(ACTIVITY)
Extract the lines that carry the string "photos" from the listing.

(EXCERPTED RECORDS)
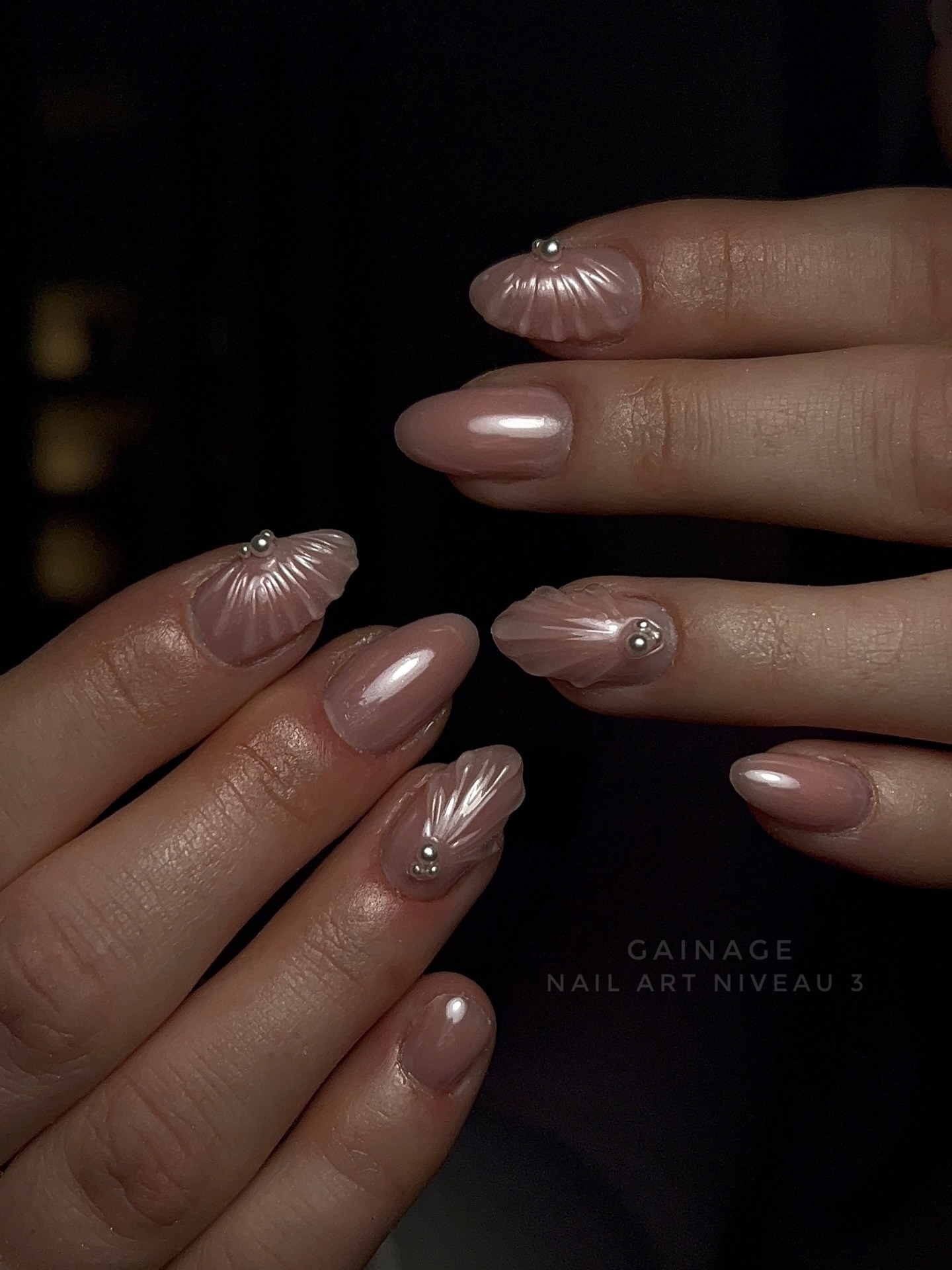 Ongles Chambery-CC Chamnord ✨
« Eva, envoi moi des photos pour que je puisse poster sur insta »
Puis moi qui reçoit ces photos: 👁️👄👁️. Car soyons d’accord, elles sont toutes magnifiques !
• Je ne savais pas laquelle choisir, alors voici plusieurs poses avec des niveaux de nail art différents (indiqué sur la photo)
Laquelle tu préfères toi?!
#ongleschambery #nailart #chambery #chamnord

(RESPONSE BOX)
« Eva, envoi moi des photos pour que je puisse poster sur insta »
Puis moi qui reçoit ces photos: 👁️👄👁️. Car soyons d’accord, elles sont toutes magnifiques !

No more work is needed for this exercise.